Synchrotron radiation based polarization dependent X-ray absorption spectroscopy (XAS) or near edge X-ray absorption fine structure (NEXAFS) has been widely used in the past decade in order to investigate the electronic and magnetic structure of monolayers and thin films of metal phthalocyanines on various substrates. Its strengths are the elemental selectivity, which allows the properties of each element to be addressed separately because of the strong resonances occurring in the soft X-ray range which comprises photon energies of about 200 eV up to 2 keV. Among others, this energy range includes the nitrogen K-edge as well as the transition metal L2,3 edges.
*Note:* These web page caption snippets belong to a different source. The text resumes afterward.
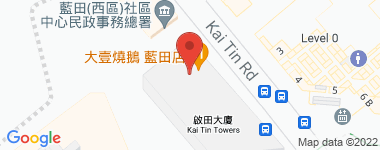Kai Tin Tower High Floor, Block A Address
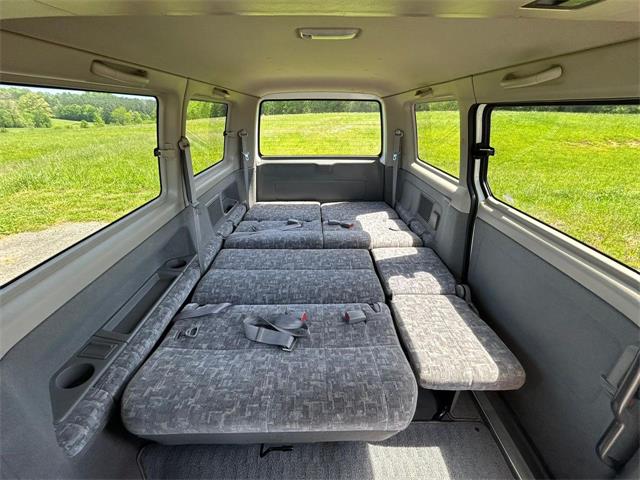 1997 Honda Stepwgn (CC-1718148) for sale in cleveland, Tennessee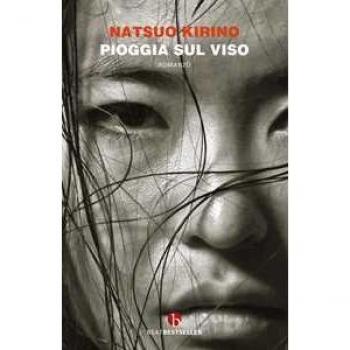 Pioggia sul viso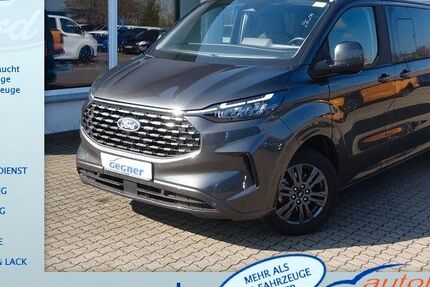 Ford Tourneo Custom 22.754 km 39.840 &euro; Eilenburg 04838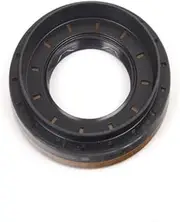 Rear half shaft oil seal Replace# 2119970146 AUTO-MOHITO 1pack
If linearly polarized X-rays with varying polarization direction are employed (X-ray linear dichroism, XLD),36 the measurement is mainly sensitive to the filling and orientation of the molecular orbitals. Specifically, at the nitrogen K-edge this reveals the direction along which the π*-orbitals of the phthalocyanine macrocycles can be excited providing a direct link to the orientation of the macrocycles with respect to the X-ray beam. Nitrogen K-edge XLD has been used in the past to study the orientation of thin films of some flat metal-phthalocyanines on different substrates including PTCDA.30,33,35 Furthermore, using circularly polarized X-rays, the element specific magnetic properties can be investigated (X-ray magnetic circular dichroism, XMCD).36 Another feature of XAS when using the total electron yield mode is the ultrahigh sensitivity due to the very high absorption cross sections in the soft X-ray range, which allows extremely low molecular coverages down to sub-monolayers to be studied.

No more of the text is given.